Here’s a non-exhaustive summary of what happened this week.

  • The system our team works on runs smoke-tests against production in addition to monitoring, to ensure that entire user-journeys are working as opposed to individual parts of the system. We realised that we could cut in half the amount of some requests we send and still achieve equivalent coverage across the application. Big win!

  • We’re also re-tooling our smoke-testing to originate from a different data-centre than where the application is located, forcing it to go over the public internet. By “knocking on the front-door” rather than going over the data-centre’s internal network, we’re making a much more representative test that could catch networking issues outside the application data-centre.

  • I’ve tagged up my blog-posts with LD-JSON. I learned a fair bit about linked data with this, and I’m now gearing up for my next mini-project: modelling results data for Strictly Come Dancing. I’m cribbing and extrapolating a lot from the Parliament ontologies repo being developed in the open by PDS.

  • I have an unfounded reckon that we could do some good stuff for WhoCanIVoteFor.co.uk by using linked-data to tag up our results pages. We’d have a list of candidates that correspond to Persons (or in the case of party-list, an Organisation), an election that corresponds to an Event, a polling station that corresponds to a Place, and more. Once I’ve learned more about linked data, I’m probably going to have a spike of this. It occurs to me that there’s no representative type for an election in general? Something to think about for the future.

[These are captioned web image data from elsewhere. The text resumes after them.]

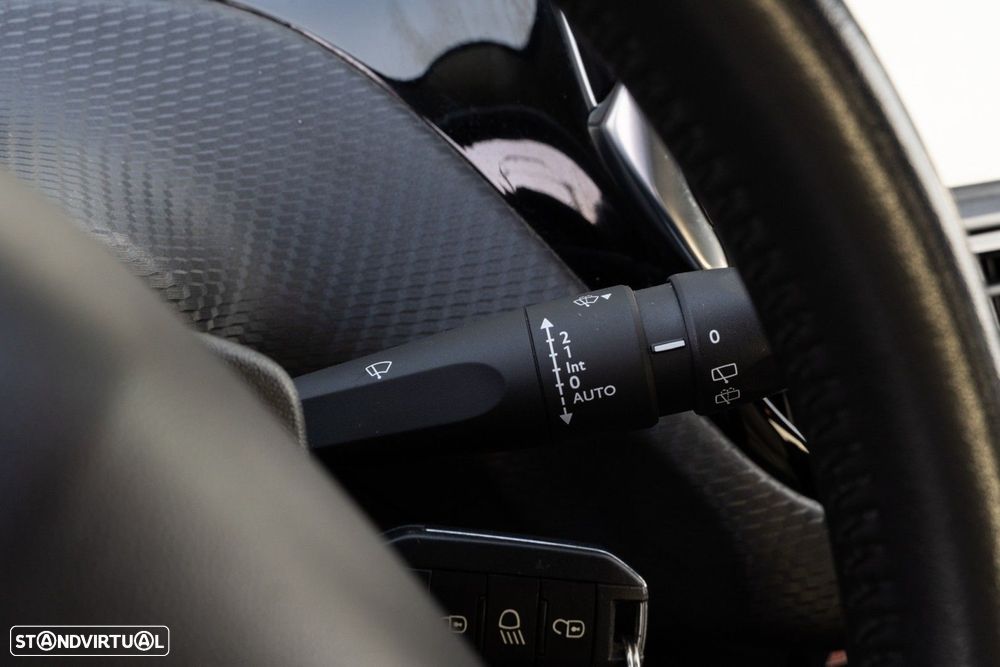 Peugeot 2008 1.2 PureTech Style - 27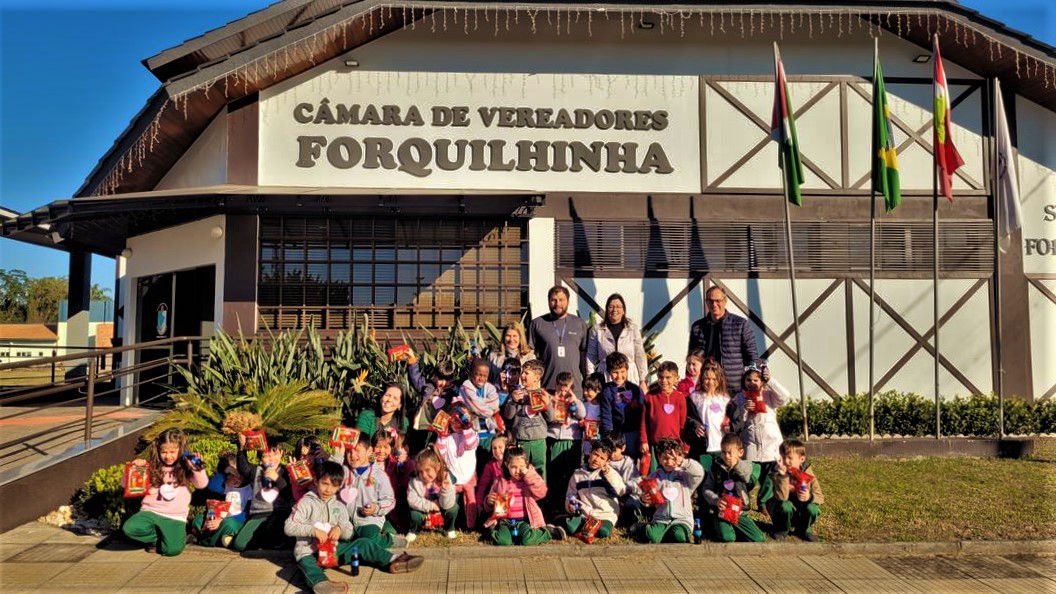 Alunos do Pequenos Pensadores na Camara de Forquilhinha 5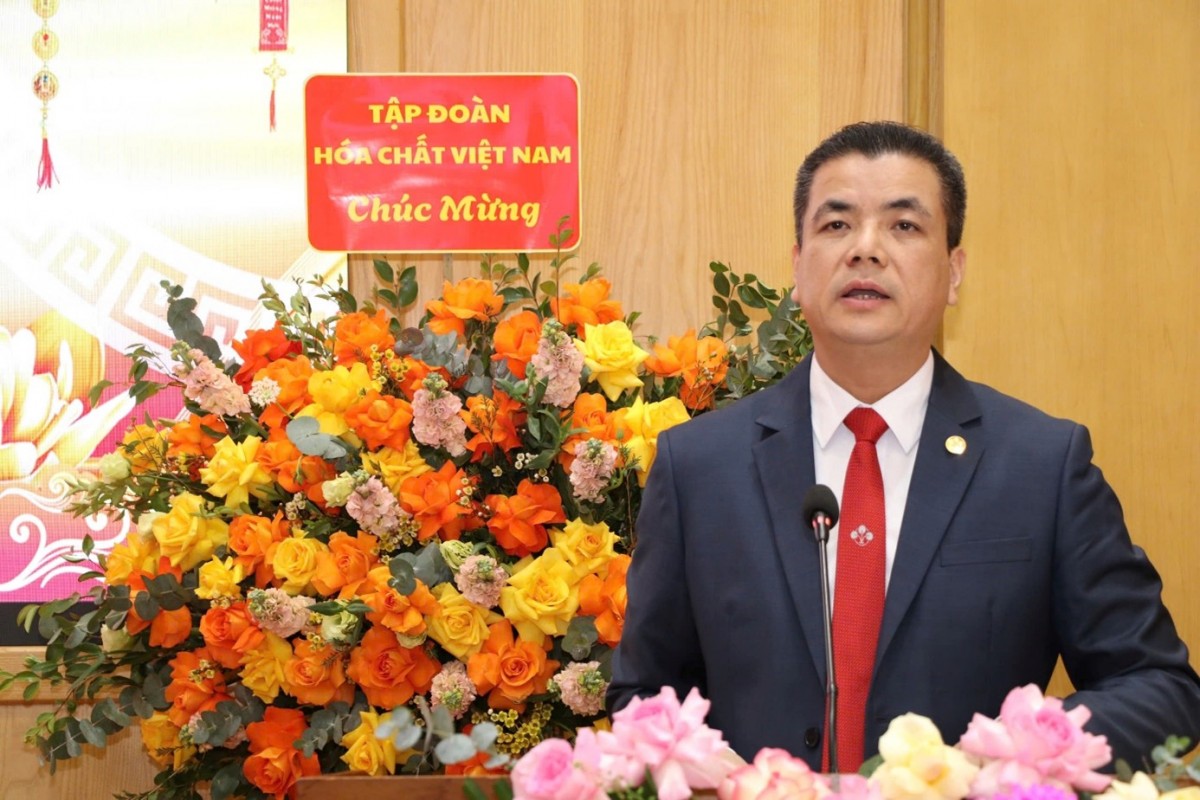 Ông Phạm Thanh Tùng, Tổng Giám đốc Công ty CP Supe Phốt phát và Hoá chất Lâm Thao phát biểu tại buổi lễ Ông Phạm Thanh Tùng, Tổng Giám đốc Công ty CP Supe Phốt phát và Hoá chất Lâm Thao phát biểu tại buổi lễ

  • My desk finally arrived! I’ve yet to assemble it (a task for this weekend) but I’ve wanted a modifiable standing-desk for ages, and it’s the first step towards getting a better environment to work on my laptop.

  • I’m 60-80% sure that at some point in the future I’m going to write either a series of blog-posts or a mini-book (pamphlet) about software-gardening. For something that started off as a bit of light-humoured application of analogy, it has a surprising amount of potential. Watch this space!